Em resumo, as SNR's impactam profundamente a ecologia da Via Láctea. Não fosse por elas, a Terra como conhecemos não existiria e, por consequência, nada de plantas, animais ou pessoas. Isto porque todos os elementos mais pesados que o ferro são produzidos por essas explosões.
Assim, as supernovas dispersam pelo meio interestelar os elementos criados tanto pelas estrelas quanto por elas próprias. Estes são os elementos que formam novas estrelas, planetas e tudo o que existe na Terra, inclusive nossos corpos.
É com base nisso que Carl Sagan proferiu sua célebre frase: "somos feitos de poeira das estrelas".
Tópicos avançados
Em nosso artigo sobre as estrelas, já falamos sobre o fim do ciclo de vida delas, inclusive como as muito massivas explodem em supernovas (do tipo II).
Neste caso, a energia das explosões é gerada pela força da gravidade.
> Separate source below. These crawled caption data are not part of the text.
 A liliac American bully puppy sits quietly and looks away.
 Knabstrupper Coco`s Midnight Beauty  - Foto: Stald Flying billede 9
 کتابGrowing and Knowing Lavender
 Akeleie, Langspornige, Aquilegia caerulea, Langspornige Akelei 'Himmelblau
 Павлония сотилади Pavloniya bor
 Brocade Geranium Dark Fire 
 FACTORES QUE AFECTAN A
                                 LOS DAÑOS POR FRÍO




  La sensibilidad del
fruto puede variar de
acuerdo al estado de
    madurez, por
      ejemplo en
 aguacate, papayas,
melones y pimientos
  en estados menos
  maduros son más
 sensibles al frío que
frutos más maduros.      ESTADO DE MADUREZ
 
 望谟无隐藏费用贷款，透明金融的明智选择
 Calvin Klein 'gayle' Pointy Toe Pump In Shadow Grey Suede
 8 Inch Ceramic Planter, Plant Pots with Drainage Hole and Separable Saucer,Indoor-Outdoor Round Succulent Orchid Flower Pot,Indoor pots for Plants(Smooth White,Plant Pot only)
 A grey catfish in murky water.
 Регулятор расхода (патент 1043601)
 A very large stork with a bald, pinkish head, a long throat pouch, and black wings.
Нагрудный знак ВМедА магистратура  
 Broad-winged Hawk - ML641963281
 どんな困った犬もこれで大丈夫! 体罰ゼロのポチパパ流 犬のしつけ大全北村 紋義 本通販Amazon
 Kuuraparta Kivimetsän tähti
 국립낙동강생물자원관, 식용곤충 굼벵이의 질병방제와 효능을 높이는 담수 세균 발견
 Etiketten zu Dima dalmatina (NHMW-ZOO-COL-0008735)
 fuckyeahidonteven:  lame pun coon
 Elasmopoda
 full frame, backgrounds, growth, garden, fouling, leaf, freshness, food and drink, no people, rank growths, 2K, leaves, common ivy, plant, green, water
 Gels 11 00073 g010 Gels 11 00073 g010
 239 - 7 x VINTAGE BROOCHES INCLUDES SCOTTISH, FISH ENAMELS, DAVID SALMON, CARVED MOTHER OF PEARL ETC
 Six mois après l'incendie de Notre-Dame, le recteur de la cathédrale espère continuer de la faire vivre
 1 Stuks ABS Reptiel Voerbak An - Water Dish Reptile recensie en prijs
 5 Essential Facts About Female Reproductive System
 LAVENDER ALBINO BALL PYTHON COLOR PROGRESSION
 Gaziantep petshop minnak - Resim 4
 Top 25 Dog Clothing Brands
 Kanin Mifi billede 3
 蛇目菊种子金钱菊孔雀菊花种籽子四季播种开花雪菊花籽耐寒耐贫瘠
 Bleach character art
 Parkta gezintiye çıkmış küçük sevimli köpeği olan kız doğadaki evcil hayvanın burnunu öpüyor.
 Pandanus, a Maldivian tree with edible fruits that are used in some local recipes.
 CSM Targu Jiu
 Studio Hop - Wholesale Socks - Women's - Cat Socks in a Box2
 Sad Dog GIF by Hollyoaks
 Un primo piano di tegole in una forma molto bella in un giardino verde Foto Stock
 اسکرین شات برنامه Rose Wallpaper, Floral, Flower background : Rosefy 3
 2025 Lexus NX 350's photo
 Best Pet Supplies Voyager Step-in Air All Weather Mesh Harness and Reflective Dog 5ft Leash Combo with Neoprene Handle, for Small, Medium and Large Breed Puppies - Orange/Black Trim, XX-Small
No caso das supernovas tipo Ia, a carga energética provêm da descontrolada fusão de carbono e oxigênio no núcleo de uma anã branca.
Agora, vamos detalhar um pouco da teoria por trás da explosão de estrelas massivas, notadamente no que diz respeito ao que acontece com o núcleo das mesmas.
Quando o núcleo da estrela é menos massivo que aproximadamente 5 massas solares, os nêutrons conseguem parar o colapso, gerando uma estrela de nêutrons, que eventualmente pode ser vista como um pulsar ou um sistema binário gerador de raios X.
De fato, as únicas coisas da natureza que podem deter um colapso gravitacional são os nêutrons, mas às vezes até eles falham, dependendo da massa do núcleo estelar.
Se o núcleo é mais massivo (Mnúcleo > ∼ 5 massas solares), nada no Universo conhecido é capaz de parar seu desabamento. Neste caso, ele desmorona completamente sobre si mesmo, criando um buraco negro, um objeto tão denso que nem a luz pode escapar de seu alcance gravitacional.
Para entender um pouco melhor este acontecimento, vamos fazer uma analogia com o que é necessário para que um foguete lançado da superfície da Terra consiga sair da atmosfera terrestre.
De acordo com a Teoria da Gravidade de Newton, a energia necessária para separar completamente dois corpos é dada por:
E = G M m / r
Se estamos lançando um foguete a partir de nossa superfície, então temos que M é a massa da Terra, m a massa do foguete e r o raio da Terra. G é a Constante Gravitacional. Quando o foguete é lançado com uma dada velocidade v, sua energia é:
E = 1/2 m v2
Para que o foguete escape do campo gravitacional terrestre, a energia precisa ter, no mínimo, o valor resultante da primeira equação. Assim, a determinação da velocidade necessária consiste em igualar as duas equações e resolver para v:
v = (2 G M / r)½
Este resultado é chamado de velocidade de escape. Para a Terra, seu valor é de 11 km/s (onze quilômetros por segundo). Isto significa que qualquer objeto, para escapar da atmosfera terrestre, precisa ser lançado com uma velocidade de, no mínimo, 11 km/s.
Agora, imagine o cenário acima com o núcleo da estrela no lugar da Terra. Considere o que aconteceria se, durante o colapso central, esse núcleo ficasse tão denso (raio tornando-se muito menor, porém com a mesma massa) que qualquer coisa teria que atingir uma velocidade maior que a da luz para poder escapar.
Isto ocorre sempre que a massa do núcleo é maior do que aproximadamente 5 massas solares, conforme já citamos, porque a velocidade de escape fica maior do que a velocidade da luz, que é de ∼ 300.000 km/s.
★ Edição: - atualizada em 15/04/2024.